* **What to do**
Reproduce exactly the entries from the "151 Dewbourne Avenue, Toronto, Ontario" line to the end. Skip all pictures.

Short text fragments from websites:
—————
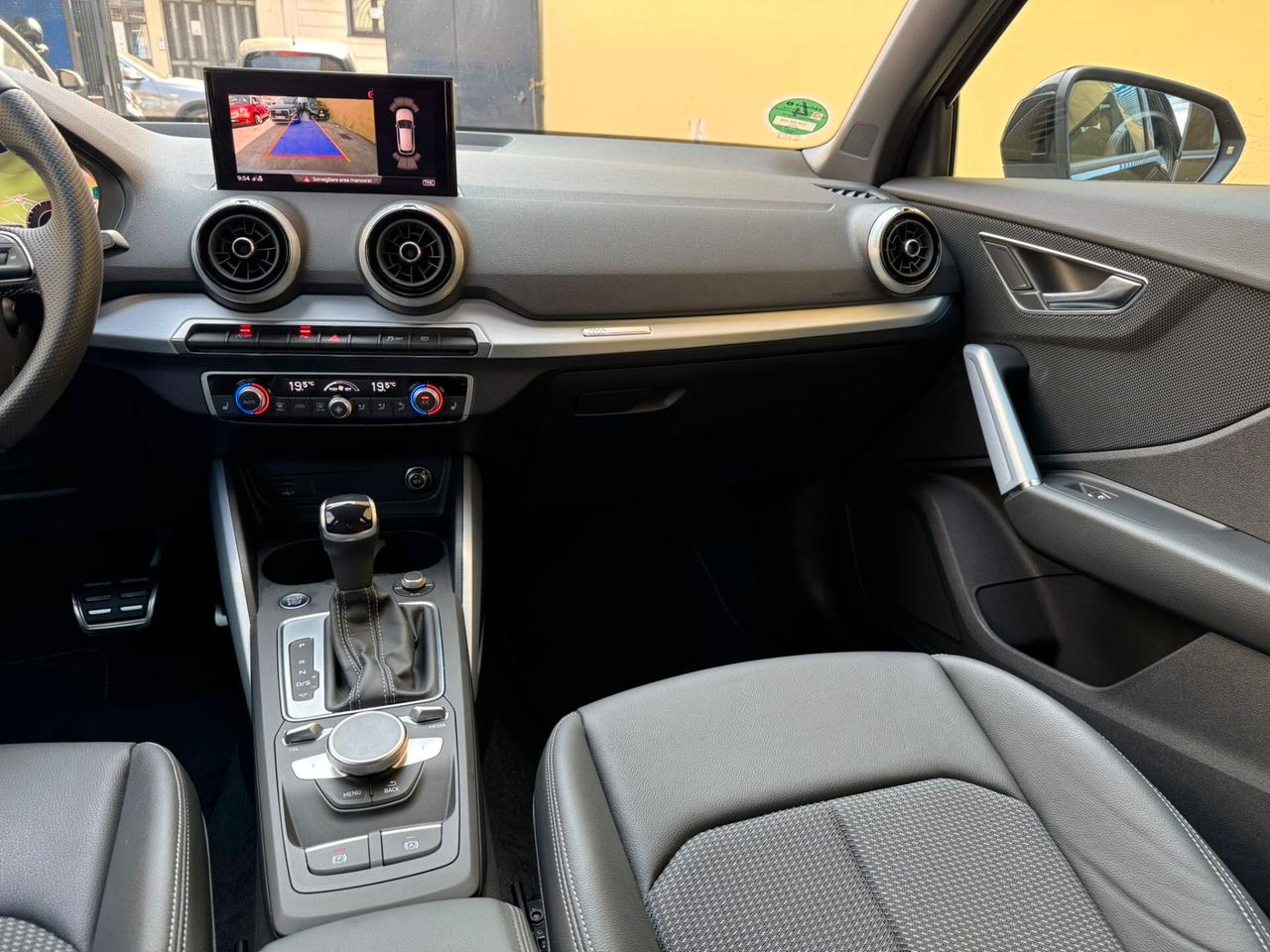 Audi Q2 35 TDI S tronic line Edition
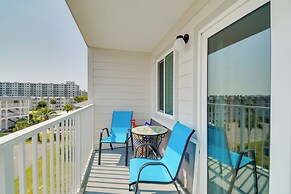 Resort Perks: Gulf Shores Beach-inspired Condo!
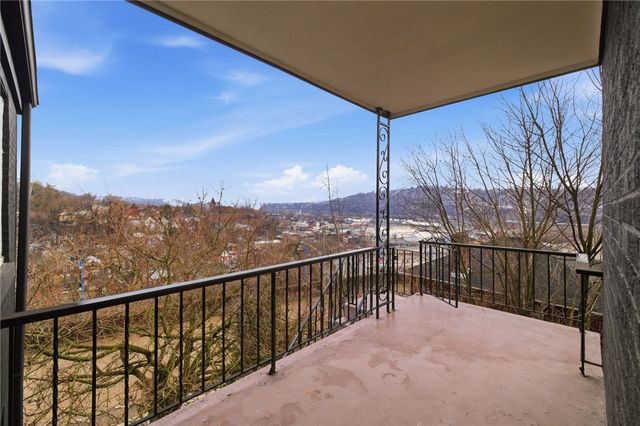 3 3rd Ave, Rankin, PA 15104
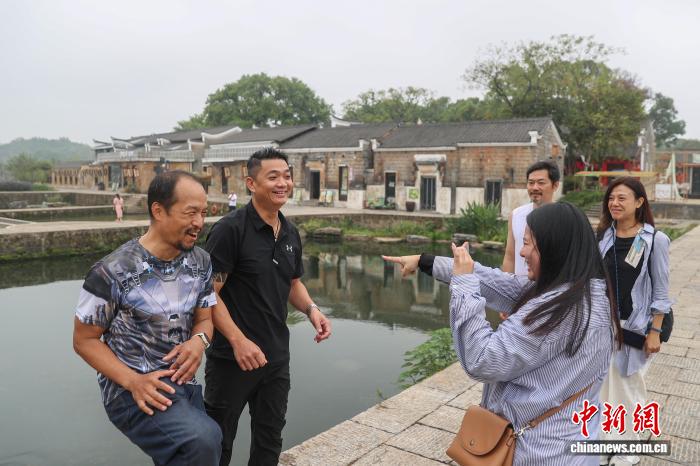 两岸新媒体人走进江西吉安 感知庐陵文化和发展成就
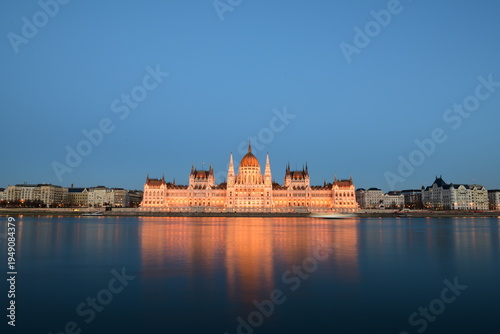 hungarian parliament building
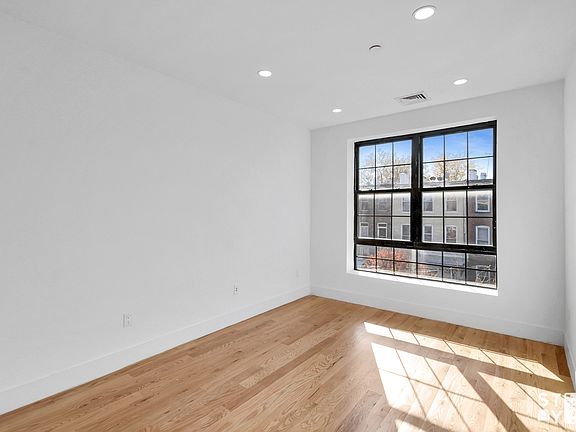 5th image of 672 Halsey St #2F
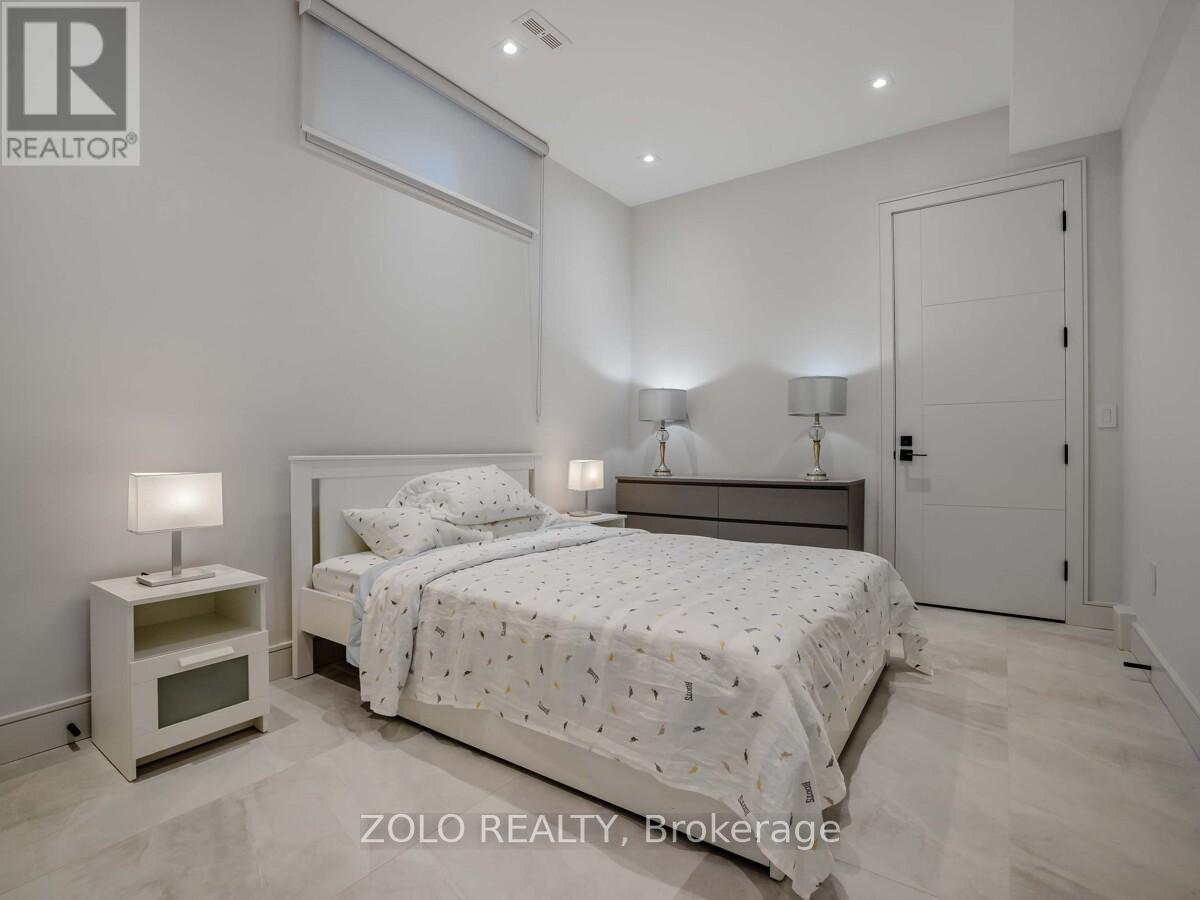 151 Dewbourne Avenue, Toronto, Ontario  M6C 1Z1 - Photo 27 - C12594690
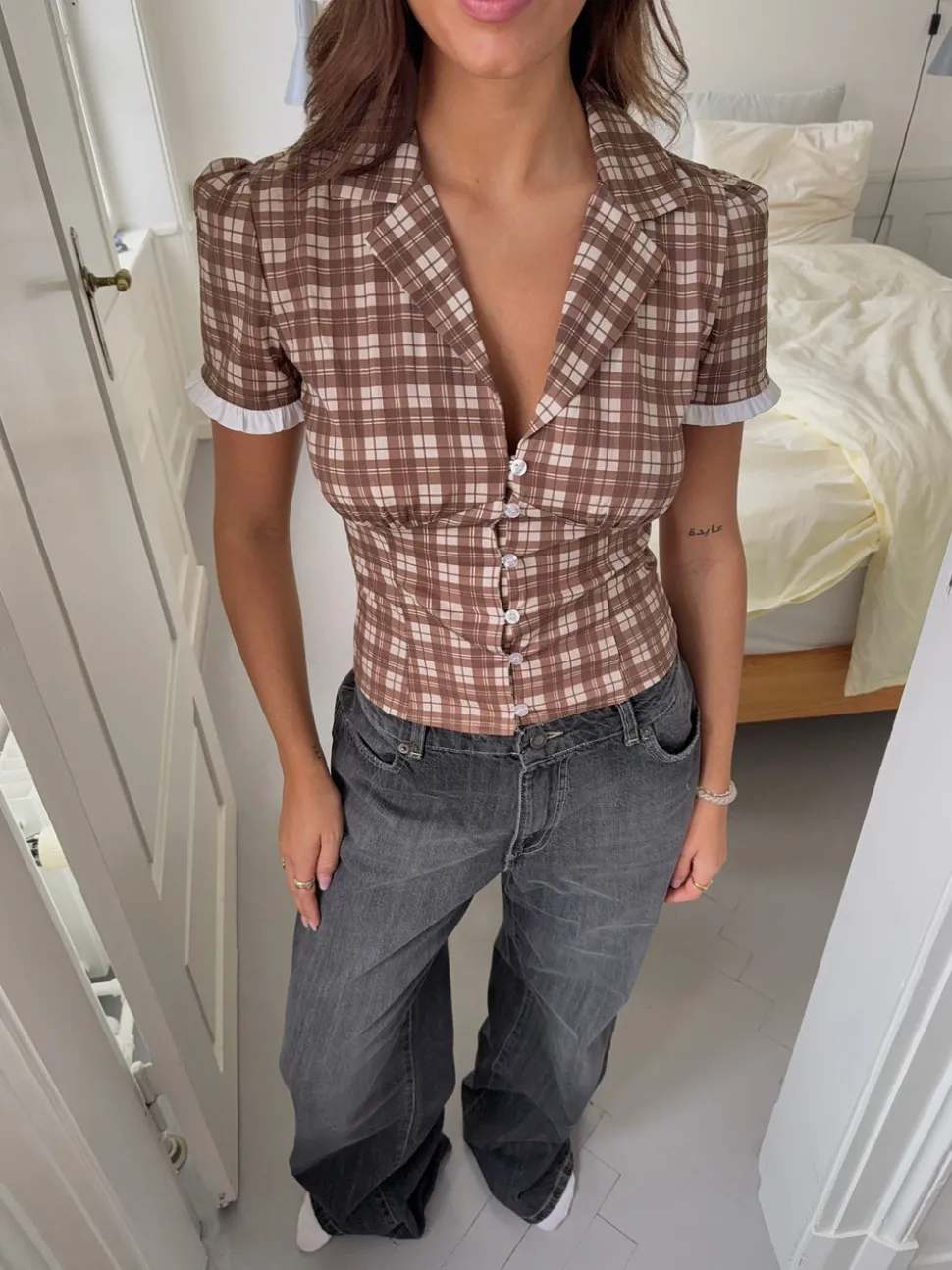 Kassandra figursyet skjorte med tern - Brun/hvid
—————
* **Response area**
 151 Dewbourne Avenue, Toronto, Ontario  M6C 1Z1 - Photo 27 - C12594690
 Kassandra figursyet skjorte med tern - Brun/hvid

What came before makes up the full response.